**Required work:** Whichever lines of the entries hold the word "quarto" should be identified and copied.

------ Exercise data

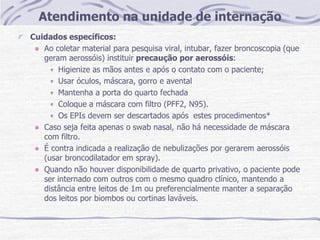 Atendimento na unidade de internação
Cuidados específicos:
Ao coletar material para pesquisa viral, intubar, fazer broncoscopia (que
geram aerossóis) instituir precaução por aerossóis:
Higienize as mãos antes e após o contato com o paciente;
Usar óculos, máscara, gorro e avental
Mantenha a porta do quarto fechada
Coloque a máscara com filtro (PFF2, N95).
Os EPIs devem ser descartados após estes procedimentos*
Caso seja feita apenas o swab nasal, não há necessidade de máscara
com filtro.
É contra indicada a realização de nebulizações por gerarem aerossóis
(usar broncodilatador em spray).
Quando não houver disponibilidade de quarto privativo, o paciente pode
ser internado com outros com o mesmo quadro clínico, mantendo a
distância entre leitos de 1m ou preferencialmente manter a separação
dos leitos por biombos ou cortinas laváveis.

------------

**Exercise output:**
Mantenha a porta do quarto fechada
Quando não houver disponibilidade de quarto privativo, o paciente pode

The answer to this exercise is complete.